Later in the week in Boynton Beach, I was dining at an Italian restaurant with dear friends James and Pam with whom I stay when I have occasion to be in Boynton. We settle into bar seating, ordering food and libations. I am seated next to an older, very Italian man named John. We started up a conversation. We started talking about life, and chances. He said, “You know, I’ve always just kind of Forrest Gump’ed my way through life,” pausing and reflecting he continues, “In fact, I think that’s how life happens best — when it just happens.” I agree and tell him a bit about my journey. We talk about our wives. John tells me he’s been married for fifty seven years, and I congratulate him, and tell him that I’ve been married for nearly thirty years.
He looks at me and asks, “What? How old are you?”
I laugh and tell him I’m close to fifty. “Jesus, you’re a kid.”
John smiles at me as I continue telling him about the complete chance meeting of my wife on a street bustling with a couple thousand people, in a busy city, with no intent of meeting anyone.
“But it just happened, didn’t it?” He laughs.
It did just happen, out of nowhere, fell right out of the sky and into my lap. He continues to say that all of the good things in life have happened to him, all of his major life events . . . have just happened for him. He says he’s lucky. I guess he is, though I think he’s just got his eyes on the right prize.
Great things can happen to anyone, but not everyone is ready to receive; accept; live those gifts.
I really couldn’t agree with John more as I feel the same. My life seems to, with regularity, just happen around me; to me, often providing just what I was searching for — falling into my lap.

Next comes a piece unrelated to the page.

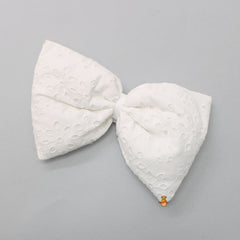 Pre Order: Off Shoulder White Lace Top And High Low Skirt With Matching Bow Hair Clip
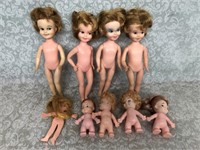 Vintage lot of Penny Brite dolls plus others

But it does happen the otherway,too. It’s far too easy to fall victim to complacency, anxiety, and despair during life’s changes — shit, just during regular life. It’s easy to get stuck in ruts, and not see the way out, easy to lose the vision of what you want your life to look like. This is when the magic stops.
What do you want your life to look like?
We all need this vision, a roadmap within ourselves to keep us in check with who we are, where we are going, or want to go, and more importantly for me, why we are going there. Like when we were all kids for instance, up to graduating college, we all had a fair vision of where we were headed. And even thereafter when we settle into jobs, relationships, marriages — we have a pretty good vision, but then the distractions set in, our vision becomes old, tired. When we lose sight of our vision we just hunker down, like hibernation, only lifting the shadow off of our eyes to peer at the outside world of distraction. Without our own vision, without our guideposts, the entire world becomes distraction — and distraction becomes your reality.
Think about that: without that guiding vision, our distractions become our reality.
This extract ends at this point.